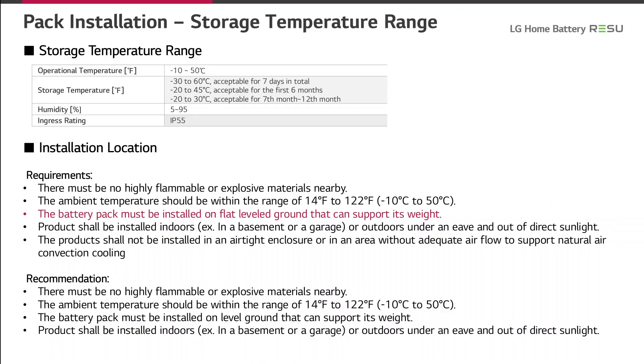On this slide, we want to give you some information about the storage temperature ranges for the ResuPrime series. The operating temperature is from minus 10 degrees to plus 50 degrees. The storage temperature range is much broader and depends on the duration. The widest range is from minus 30 to plus 60 degrees if the storage time is less than 7 days. For longer periods such as 6 months or 12 months, the storage temperature ranges are shortened.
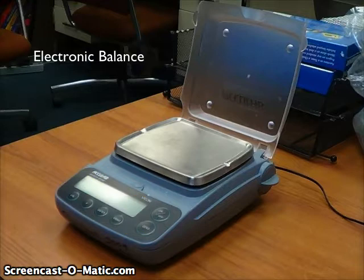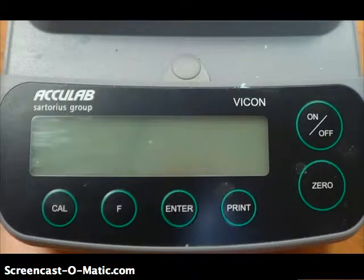Let's take a closer look at that window. There are a whole bunch of buttons on here, but there are really only two that we're interested in. First, the on-off button, which turns the machine on or off, and the zero button, which we'll get into a little bit later.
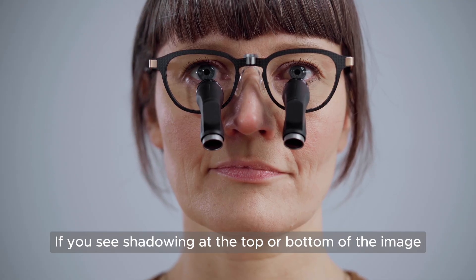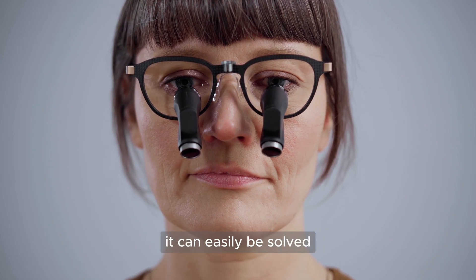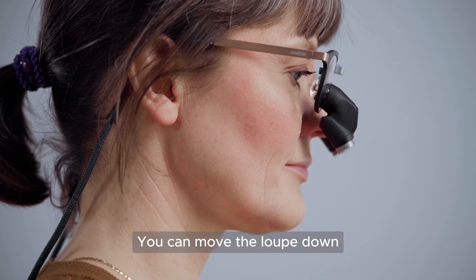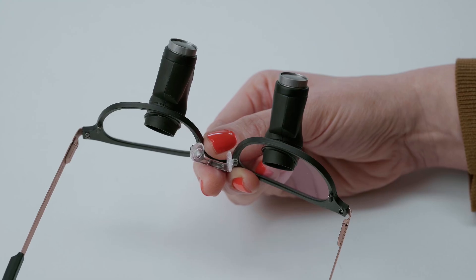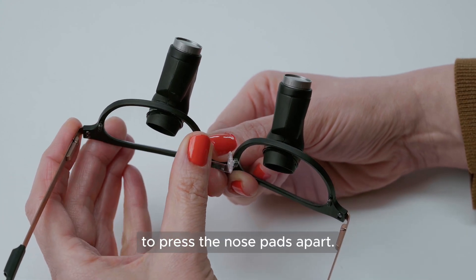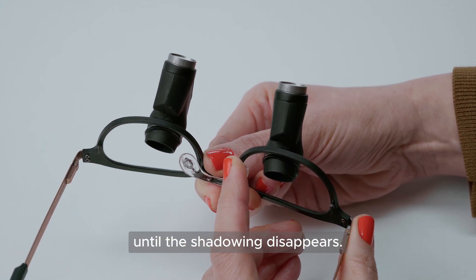If you see shadowing at the top or bottom of the image when you look through your Reflect, it can easily be solved by adjusting the height of your loop in relation to your eyes. You can move the loop down by widening the nose pads. Hold the frame firmly at the nose bridge, and use your thumb and forefinger to press the nose pads apart. You may need to adjust a few times until the shadowing disappears.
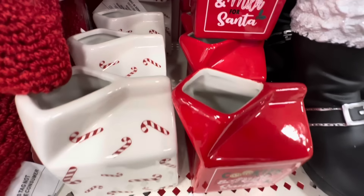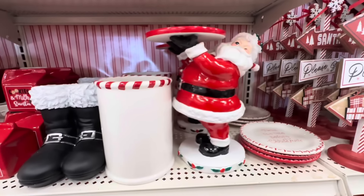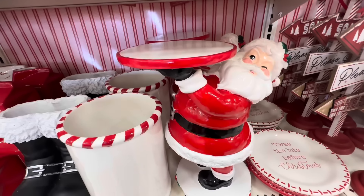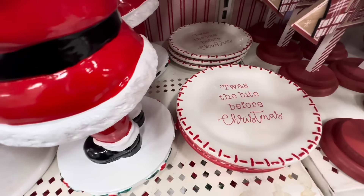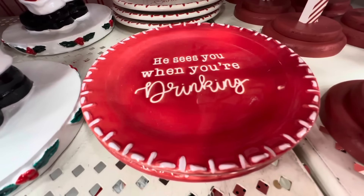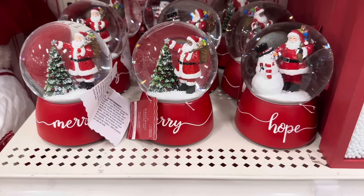Here we have what looks like little milk containers — one says 'Cookies and Milk for Santa,' the other is white with candy canes. They're open on the top and they're only $5.99. Here we have Santa — looks like a cake stand or cookie stand for Santa. Then here we have some plates: 'Twas the Bite Before Christmas' and 'He Sees You When You're Drinking.' The cake stand is $39.99 and the little plates are $7.99.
****
- **Brief**:
Only the lines from the one containing "Let's take a" through the final line of the material should appear in the answer, copied exactly and without any picture.

- **Solution for this problem**:
Let's take a closer look at that window. There are a whole bunch of buttons on here, but there are really only two that we're interested in. First, the on-off button, which turns the machine on or off, and the zero button, which we'll get into a little bit later.
If you see shadowing at the top or bottom of the image when you look through your Reflect, it can easily be solved by adjusting the height of your loop in relation to your eyes. You can move the loop down by widening the nose pads. Hold the frame firmly at the nose bridge, and use your thumb and forefinger to press the nose pads apart. You may need to adjust a few times until the shadowing disappears.
Here we have what looks like little milk containers — one says 'Cookies and Milk for Santa,' the other is white with candy canes. They're open on the top and they're only $5.99. Here we have Santa — looks like a cake stand or cookie stand for Santa. Then here we have some plates: 'Twas the Bite Before Christmas' and 'He Sees You When You're Drinking.' The cake stand is $39.99 and the little plates are $7.99.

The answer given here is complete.